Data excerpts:
● ● ● ● ●
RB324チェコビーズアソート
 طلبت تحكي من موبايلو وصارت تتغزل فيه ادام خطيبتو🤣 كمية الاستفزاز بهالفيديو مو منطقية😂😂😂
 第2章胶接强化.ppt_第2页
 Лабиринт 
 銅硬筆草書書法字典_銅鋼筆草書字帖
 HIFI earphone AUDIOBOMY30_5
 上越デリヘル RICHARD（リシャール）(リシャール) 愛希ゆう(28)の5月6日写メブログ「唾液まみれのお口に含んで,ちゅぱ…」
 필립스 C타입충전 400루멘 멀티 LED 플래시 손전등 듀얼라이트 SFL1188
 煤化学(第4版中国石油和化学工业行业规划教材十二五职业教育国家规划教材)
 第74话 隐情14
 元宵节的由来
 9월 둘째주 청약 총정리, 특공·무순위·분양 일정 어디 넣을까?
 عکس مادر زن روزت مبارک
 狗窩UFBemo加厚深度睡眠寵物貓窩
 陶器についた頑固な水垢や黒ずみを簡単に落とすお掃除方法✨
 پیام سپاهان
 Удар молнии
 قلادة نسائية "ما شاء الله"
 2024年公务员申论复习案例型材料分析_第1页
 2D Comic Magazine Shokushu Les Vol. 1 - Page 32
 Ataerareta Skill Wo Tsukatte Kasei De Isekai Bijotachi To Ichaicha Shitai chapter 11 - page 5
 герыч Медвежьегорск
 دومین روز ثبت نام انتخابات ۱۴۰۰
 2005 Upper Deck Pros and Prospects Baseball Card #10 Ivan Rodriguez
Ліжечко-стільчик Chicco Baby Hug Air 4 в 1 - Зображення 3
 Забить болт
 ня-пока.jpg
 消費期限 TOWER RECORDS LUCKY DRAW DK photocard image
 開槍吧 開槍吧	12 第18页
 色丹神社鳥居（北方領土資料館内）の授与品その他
● ● ● ● ●
» **PROBLEM TO SOLVE**: Copy each entry exactly.

» **YOUR RESPONSE**:
RB324チェコビーズアソート
 طلبت تحكي من موبايلو وصارت تتغزل فيه ادام خطيبتو🤣 كمية الاستفزاز بهالفيديو مو منطقية😂😂😂
 第2章胶接强化.ppt_第2页
 Лабиринт 
 銅硬筆草書書法字典_銅鋼筆草書字帖
 HIFI earphone AUDIOBOMY30_5
 上越デリヘル RICHARD（リシャール）(リシャール) 愛希ゆう(28)の5月6日写メブログ「唾液まみれのお口に含んで,ちゅぱ…」
 필립스 C타입충전 400루멘 멀티 LED 플래시 손전등 듀얼라이트 SFL1188
 煤化学(第4版中国石油和化学工业行业规划教材十二五职业教育国家规划教材)
 第74话 隐情14
 元宵节的由来
 9월 둘째주 청약 총정리, 특공·무순위·분양 일정 어디 넣을까?
 عکس مادر زن روزت مبارک
 狗窩UFBemo加厚深度睡眠寵物貓窩
 陶器についた頑固な水垢や黒ずみを簡単に落とすお掃除方法✨
 پیام سپاهان
 Удар молнии
 قلادة نسائية "ما شاء الله"
 2024年公务员申论复习案例型材料分析_第1页
 2D Comic Magazine Shokushu Les Vol. 1 - Page 32
 Ataerareta Skill Wo Tsukatte Kasei De Isekai Bijotachi To Ichaicha Shitai chapter 11 - page 5
 герыч Медвежьегорск
 دومین روز ثبت نام انتخابات ۱۴۰۰
 2005 Upper Deck Pros and Prospects Baseball Card #10 Ivan Rodriguez
Ліжечко-стільчик Chicco Baby Hug Air 4 в 1 - Зображення 3
 Забить болт
 ня-пока.jpg
 消費期限 TOWER RECORDS LUCKY DRAW DK photocard image
 開槍吧 開槍吧	12 第18页
 色丹神社鳥居（北方領土資料館内）の授与品その他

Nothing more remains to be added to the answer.